Aim of the task: Give the listing again exactly, skipping any pictures it holds.

(Beginning of The data)

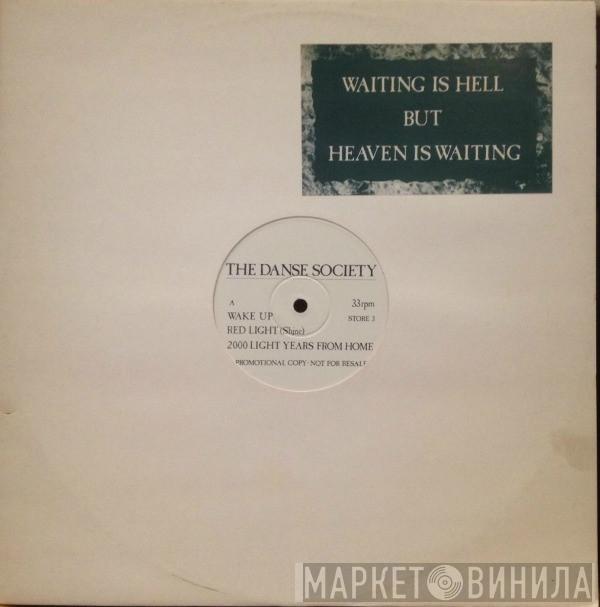 The Danse Society - Waiting Is Hell But Heaven Is Waiting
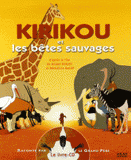 Kirikou et les bêtes sauvages
avec 1 CD audio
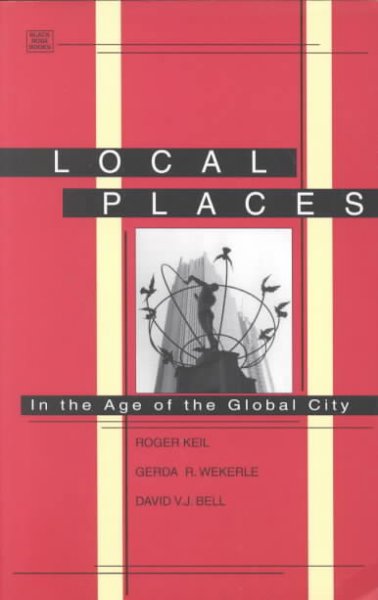 Local places : in the age of the global city / edited by Roger Keil, Gerda R. Wekerle, David V.J. Bell.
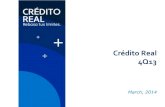 Crédito Real 4Q13 - investor cloudcdn.investorcloud.net/creal/InformacionFinanciera/Report...Crédito Real 4Q13 March, 2014 Disclaimer The information ("Confidential Information")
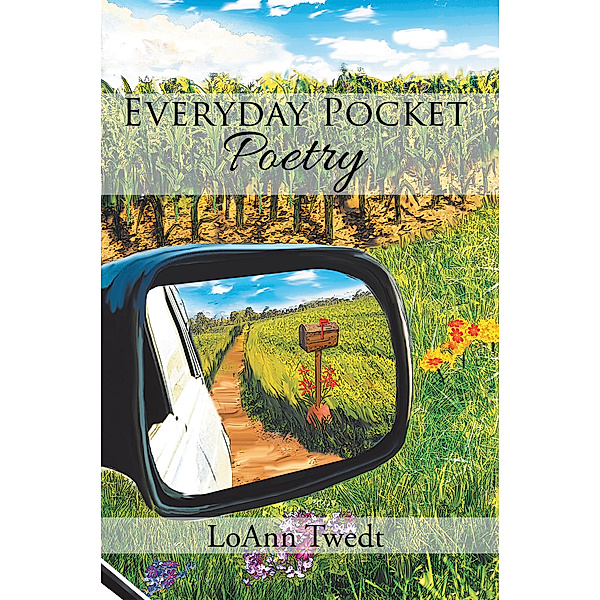 Everyday Pocket Poetry, LoAnn Twedt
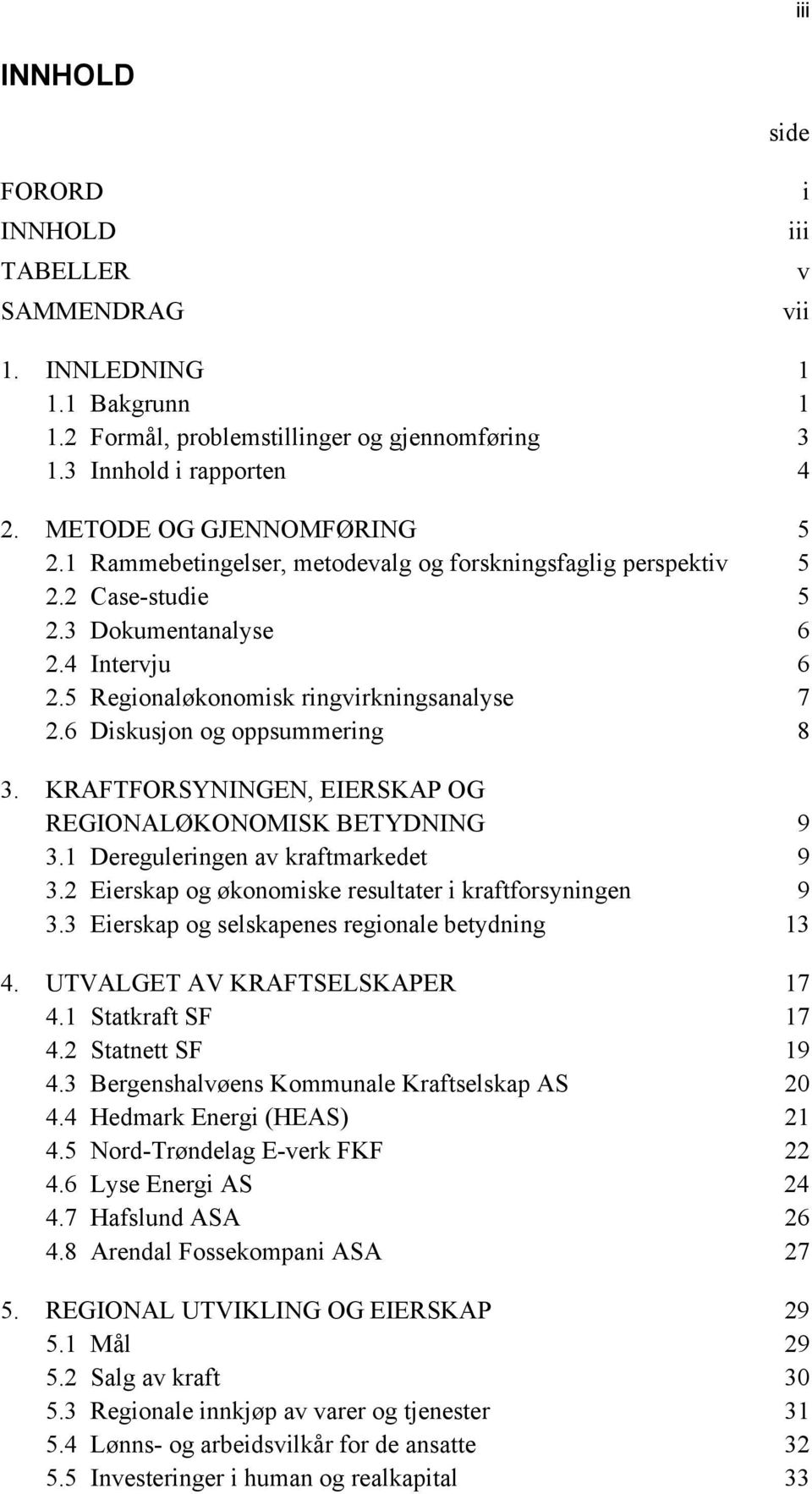 6 Diskusjon og oppsummering 8 3. KRAFTFORSYNINGEN, EIERSKAP OG REGIONALØKONOMISK BETYDNING 9 3.1 Dereguleringen av kraftmarkedet 9 3.2 Eierskap og økonomiske resultater i kraftforsyningen 9 3.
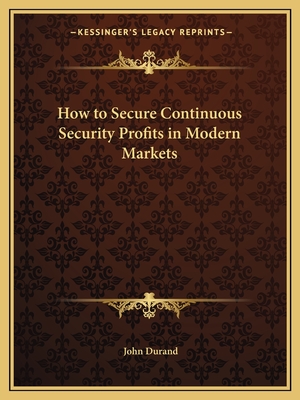 How to Secure Continuous Security Profits in Modern Markets - Durand, John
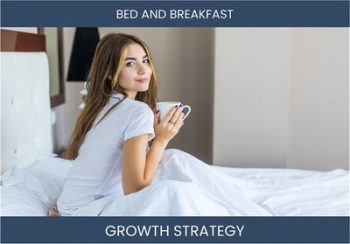 Boost B&B Profits with Effective Strategies - Learn Now!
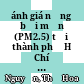Đánh giá nồng độ bụi mịn (PM2.5) tại thành phố Hồ Chí Minh năm 2021 = Concentration evaluation of fine particulate matter (PM2.5) in Ho Chi Minh City in 2021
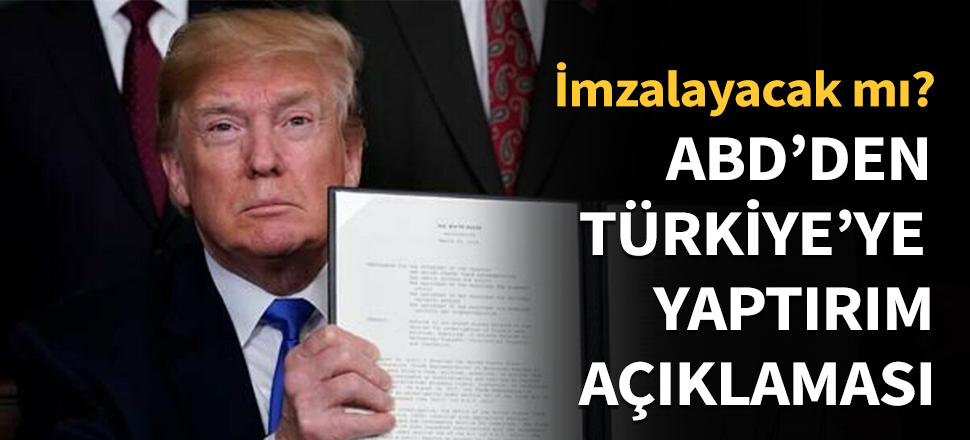 ABD'den Türkiye'ye yaptırım açıklaması!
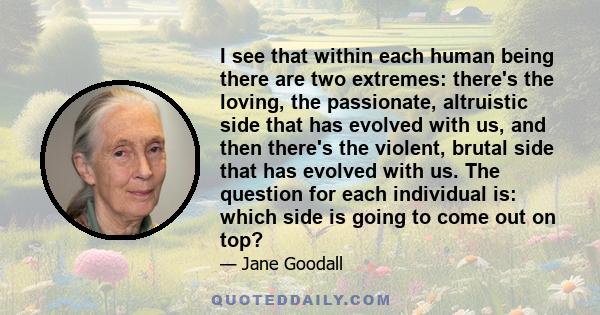 I see that within each human being there are two extremes: there's the loving, the passionate, altruistic side that has evolved with us, and then there's the violent, brutal side that has evolved with us. The question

(End of The data)

Problem solution:
 The Danse Society - Waiting Is Hell But Heaven Is Waiting
 Kirikou et les bêtes sauvages
avec 1 CD audio
 Local places : in the age of the global city / edited by Roger Keil, Gerda R. Wekerle, David V.J. Bell.
 Crédito Real 4Q13 - investor cloudcdn.investorcloud.net/creal/InformacionFinanciera/Report...Crédito Real 4Q13 March, 2014 Disclaimer The information ("Confidential Information")
 Everyday Pocket Poetry, LoAnn Twedt
 6 Diskusjon og oppsummering 8 3. KRAFTFORSYNINGEN, EIERSKAP OG REGIONALØKONOMISK BETYDNING 9 3.1 Dereguleringen av kraftmarkedet 9 3.2 Eierskap og økonomiske resultater i kraftforsyningen 9 3.
 How to Secure Continuous Security Profits in Modern Markets - Durand, John
 Boost B&B Profits with Effective Strategies - Learn Now!
Đánh giá nồng độ bụi mịn (PM2.5) tại thành phố Hồ Chí Minh năm 2021 = Concentration evaluation of fine particulate matter (PM2.5) in Ho Chi Minh City in 2021
 ABD'den Türkiye'ye yaptırım açıklaması!
 I see that within each human being there are two extremes: there's the loving, the passionate, altruistic side that has evolved with us, and then there's the violent, brutal side that has evolved with us. The question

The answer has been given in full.